What is new for Kevin O’Leary?
“What’s new is my first major exit on Shark Tank: The sale of GrooveBook to a public company in that space. So far, it’s the largest cash exit ever on Shark Tank. We’re going to get a huge media splash out of this, and it couldn’t have happened to nicer people.” [Ed. note: GrooveBook is featured in the thirteenth episode of season five, which aired on January 10, 2014.]
Why do you think GrooveBook has been so successful?
“GrooveBook struck the heart of America in a way we’ve never seen. It was such a simple product, and it moved so geometrically, quickly. I mean, it went from nothing to 300,000 subscribers in a month. We’ll see if somebody can beat that record on Shark Tank, but I think it’s going to be a long record.”
What will change about the marketplace in 2015?
“Rising rates. We’ll see the cost of capital going up for the first time in 17 years. What I’m anticipating is a small rate hike sometime in the first quarter of 2015, which means that debt will be more expensive and may clip the rise of housing. That’s a good thing, because it signifies the economy is recovering.”
How would a rate hike affect small- and mid-sized businesses?
“It wouldn’t. The problem currently with small- and mid-sized businesses is that we’re in a very anti-business regulatory environment. Taxes are too high. We’re not competitive anymore. Even the Canadians have a better deal, which was never the case for 100 years, so we’ve really gotten off track.”
What do you look for when investing?
“I want to find more Shark Tank deals because Shark Tank, when measured by the metrics of venture capital, is the number one venture capital firm on earth. Let me explain. If you look at venture capital over decades, two out of 10 deals make money. That’s been the same for 50 years. On Shark Tank, we’re closing in on four out of 10 deals, so that’s 40 percent of returned capital.
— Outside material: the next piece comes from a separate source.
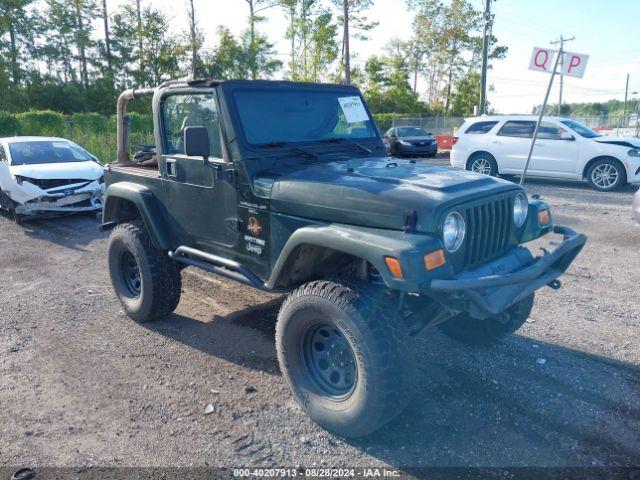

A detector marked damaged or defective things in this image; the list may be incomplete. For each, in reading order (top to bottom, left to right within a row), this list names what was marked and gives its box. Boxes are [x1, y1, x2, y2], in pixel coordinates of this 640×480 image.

damaged white sedan [0, 136, 104, 222]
The marginal company is better off on Shark Tank because it’s getting millions of dollars of free advertising.
We’ve got unlimited capital, the sharks are wealthy, we’ve got nine million people watching the show, we’ve got everybody with a great product wanting to come on there. It’s a perfect storm, and so there is no venture capital firm that can eat with us. I feel sorry for all of them.”
What’s your long-term outlook on the economy?
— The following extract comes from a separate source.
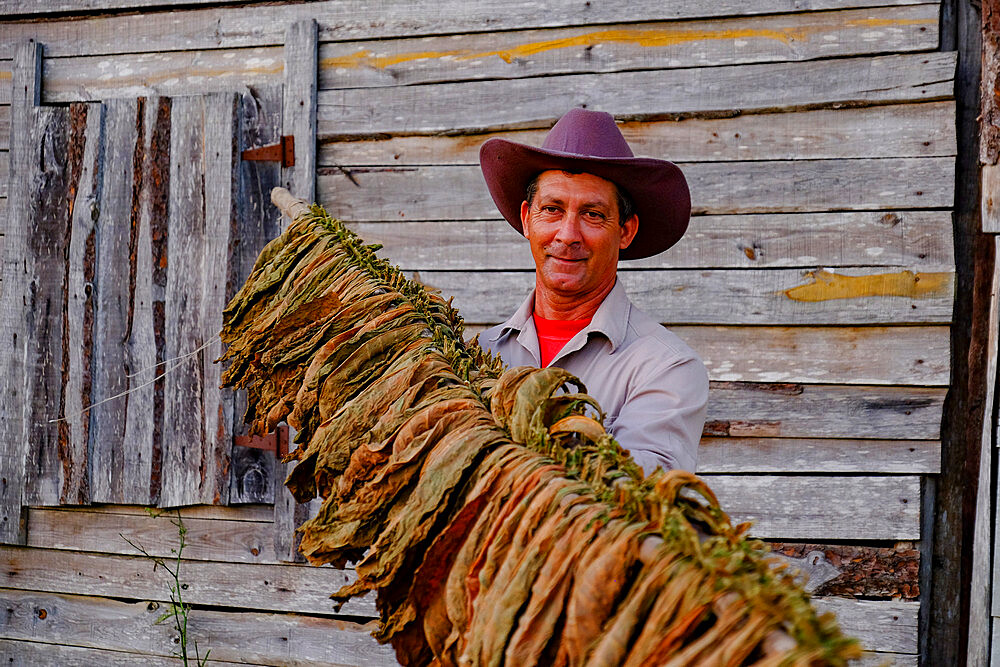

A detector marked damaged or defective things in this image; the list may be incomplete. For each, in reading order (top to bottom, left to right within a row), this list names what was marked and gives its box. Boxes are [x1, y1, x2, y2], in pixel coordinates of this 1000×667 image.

“I think we’ll have a slow-growth environment for quite a while to come. Capital is leaving North America and going to Asia. China will emerge as the number one economy on Earth in 20 years.”
What’s your focus for 2015?
“I want to take 20 companies that are in my portfolio now and try to fine-tune them. I’ve had them for many years now. I have to start deciding which ones to weed out and which ones to keep. I’d like to close another six to 10 deals this year because I think we have a great profit for companies on Shark Tank. I’m going to be selling some of my companies in this calendar year, so I’m busy.”
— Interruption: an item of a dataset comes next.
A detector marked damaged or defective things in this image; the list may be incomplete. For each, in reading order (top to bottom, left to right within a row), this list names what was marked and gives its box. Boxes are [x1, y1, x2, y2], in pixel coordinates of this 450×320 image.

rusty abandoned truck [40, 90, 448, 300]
What’s your biggest piece of advice for companies in 2015?
“What investors want these days is stability and liquidity. If you come to market saying you’ve got to wait seven years before you can make any money, it’s not exciting anymore. Nobody likes that. I like fast-moving ideas that can prove their traction in the first couple of years. That’s just me, but the market’s that way too. There’s a premium on CEOs that can deliver results on a short-term basis.”
What’s your advice for small- and mid-sized businesses?
“Number one, I would start reducing debt if I had it. Rates will rise over the next three years, so the cost of capital will go up, the cost of servicing your debt will go up. If I have the opportunity to reduce that or remove it, I would do that right now. Because, I mean, it’s been so benign for so long, I feel that’s going to change.
Number two, I would look to continue to optimize productivity. I think a lot of companies are becoming a little fat lately, and it’s been so easy-going. I would be trimming fat now and getting lean and mean.”